━━ THE INPUT ━━

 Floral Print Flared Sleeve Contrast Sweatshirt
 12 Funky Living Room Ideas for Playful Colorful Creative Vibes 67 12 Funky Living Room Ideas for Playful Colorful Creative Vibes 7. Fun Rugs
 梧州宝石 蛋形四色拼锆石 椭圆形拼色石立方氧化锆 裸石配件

━━━
━━ THE INPUT ━━

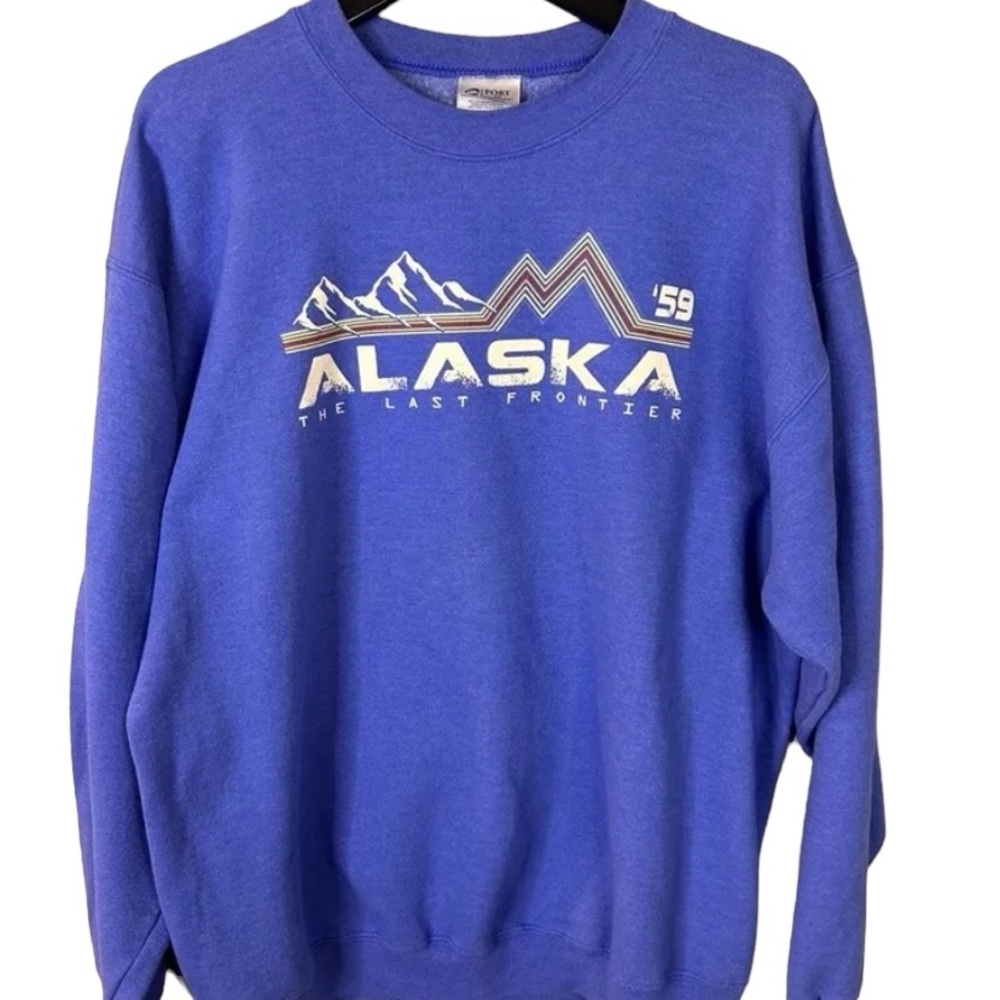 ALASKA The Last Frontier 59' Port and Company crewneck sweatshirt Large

━━━

(DIRECTIONS): Your answer should be the lines above from the one containing "Floral Print Flared" through the one containing "梧州宝石 蛋形四色拼锆石 椭圆形拼色石立方氧化锆 裸石配件", copied exactly and with both ends kept.

(TASK RESPONSE):
 Floral Print Flared Sleeve Contrast Sweatshirt
 12 Funky Living Room Ideas for Playful Colorful Creative Vibes 67 12 Funky Living Room Ideas for Playful Colorful Creative Vibes 7. Fun Rugs
 梧州宝石 蛋形四色拼锆石 椭圆形拼色石立方氧化锆 裸石配件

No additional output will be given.